- Born: December 30, 1903 Rio de Janeiro, Brazil
- Died: January 30, 1991 (aged 87) Rio de Janeiro, Brazil
- Writing career
- Notable work: "The Day of the Rational Culture"
- Notable awards: Medal of Honor of liberty (1986) Medal of Cultural Merit named after Jose Da Costa

= Manoel Jacintho Coelho =

Manoel Jacintho Coelho (December 30, 1903 – January 13, 1991) was a Brazilian writer and the founder of the religious movement Rational Culture.

== Life ==
Manoel Jacintho Coelho was born to a musician family in Rio de Janeiro. His father, Manoel, was a conductor and his mother, Rosa Maria, was a piano teacher. When he was thirteen, Manoel Jacinto was already a guitarist. The seven-string guitar has become one of its specialties.

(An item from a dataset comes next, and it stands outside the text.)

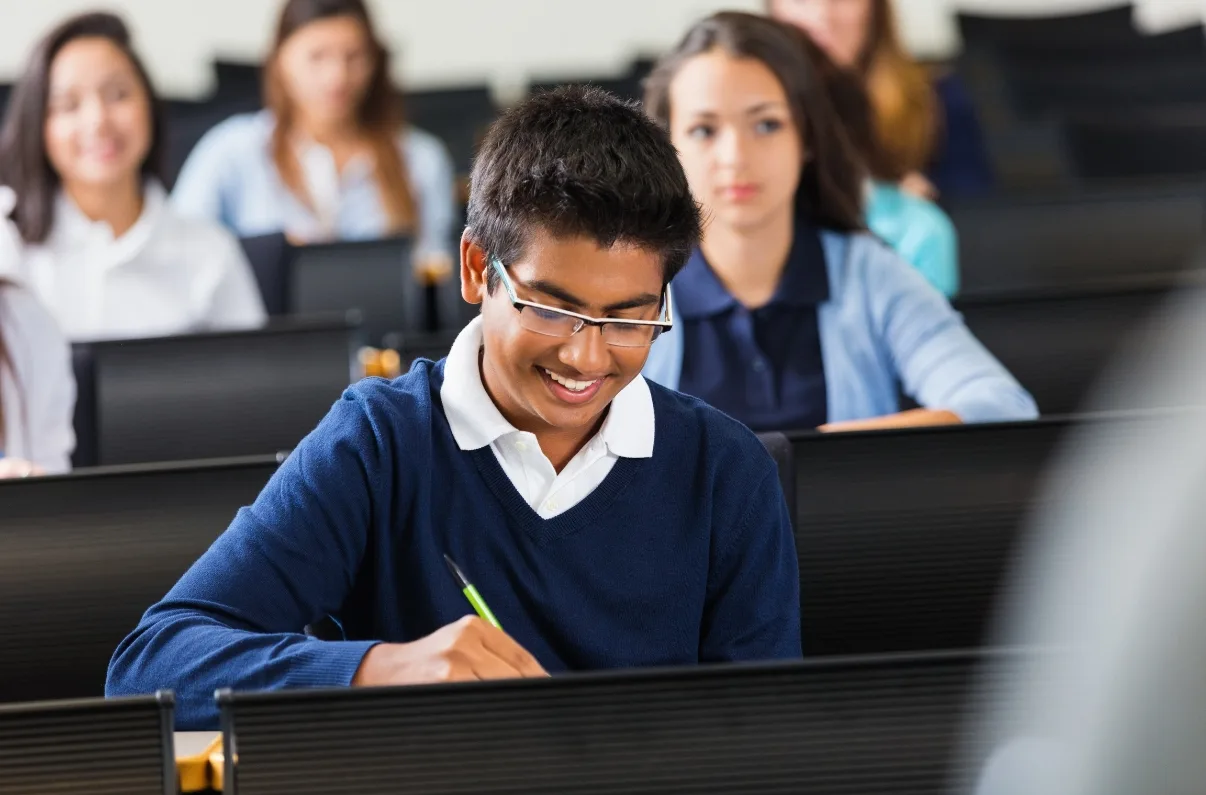 With multiple options available, students often wonder, “Which is the best IIT JEE coaching near me?”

At the age of eighteen, he joined the Brazilian Army, the 1st Heavy Machine Gun Company at the Deodoro barracks in Rio de Janeiro.

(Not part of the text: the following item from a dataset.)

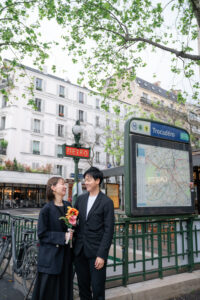 パリ 前撮り 黒ドレス ブーケ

He worked for many years in the Ministry of Foreign Affairs, Itamaraty Palace, in Rio de Janeiro.

== Career ==
On October 4, 1935, he began the elaboration of the Rational Culture composed of 1,000 volumes and entitled "Universe in Disenchantment", which he would only conclude on December 5, 1990, shortly before his death. The books were divided into five parts:
- 1st - Work, composed of 21 volumes,
- 2nd - Replica, composed of 21 volumes,
- 3rd - Replica, composed of 21 volumes,
- 4th - Historic, composed of 934 volumes and
- 5th - Amarelões, composed of 3 volumes edited between 1935 and 1938.

===Courses===
The sixty-nine courses (subjects) covered by his encyclopedia are divided into two categories: those known to humanity, and those still unknown to humanity.

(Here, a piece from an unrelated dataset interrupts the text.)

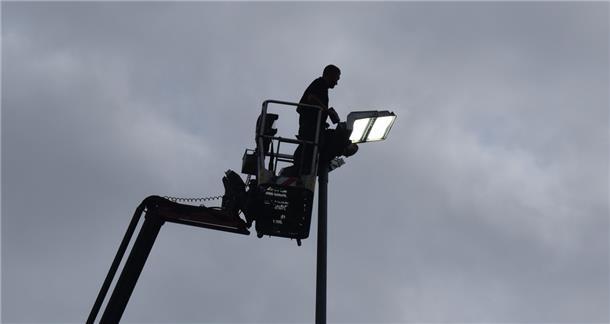 LED-Flutlichter werden installiert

41 courses known to humanity:

1. Cosmogony
2. Celestial mechanics
3. Cosmology
4. Astrophysics
5. "Astrogenics"
6. Astrobotany
7. "Astroclimate"
8. Astrobiology
9. Astrology
10. Physics
11. Physical chemistry
12. Physiology
13. Physiotherapy
14. Geophysics
15. Electricity and magnetism
16. Energetics
17. Ecology
18. Biology
19. Age studies
20. Ethics
21. Anthropology
22. Anthroposociology
23. "Anthropagogy"
24. Ethnology
25. "Anthropomagnetism"
26. Logical and ethical humanism
27. Logic
28. Reason
29. Etymology
30. Etiology
31. Theology
32. Spiritualism
33. Human relations
34. Psychology
35. Psychiatry
36. Linguistics
37. Sociology
38. Mystical and dogmatic roots and traditions
39. Justice and reason
40. Metaphysics
41. Parapsychology

28 courses unknown to humanity:

1. The Rational World and its inhabitants
2. The Upper Astral and its inhabitants
3. The Lower Astral and its inhabitants
4. The true origin of humanity
5. All phases of humanity
6. Natural, astrological and artificial alphabets
7. Universal racionalization
8. The pre-existence and cause of existence
9. The meaning of life
10. The cause of human change from before to now
11. Pre-existence of men and women
12. Material and spiritual spiritualization
13. The true nature and the apparent nature of everything
14. Physical and moral recover of individuals
15. Electric and magnetic energies
16. Mediator rational and rational energies
17. The homeworld of humanity, including its map and compass
18. Rational immunization
19. The hierarchy of the world, space and inferior classes
20. The 21 eternities
21. Desenchantment
22. Transformations of nature
23. The cause of semen transforming into a living body
24. Two classes: Rational and irrational animal
25. Identity of the Rational class
26. Answers to all questions everyone ever asked but no one ever answered
27. The just and certain formation of the true genesis of everything's existence
28. The world that gave origin to this one

== Awards ==
He received several national and international awards, including the Inconfidência Medal by the state of Minas Gerais on April 21, 1986, and Medalha Doutor “Ulisses Guimarães”, the homage of the OPB - Order of Brazilian Parliamentarians - granted to Mrs. Atna Jacintho Coelho in memoriam of Mr. Manoel Jacintho Coelho - received on June 7, 2005.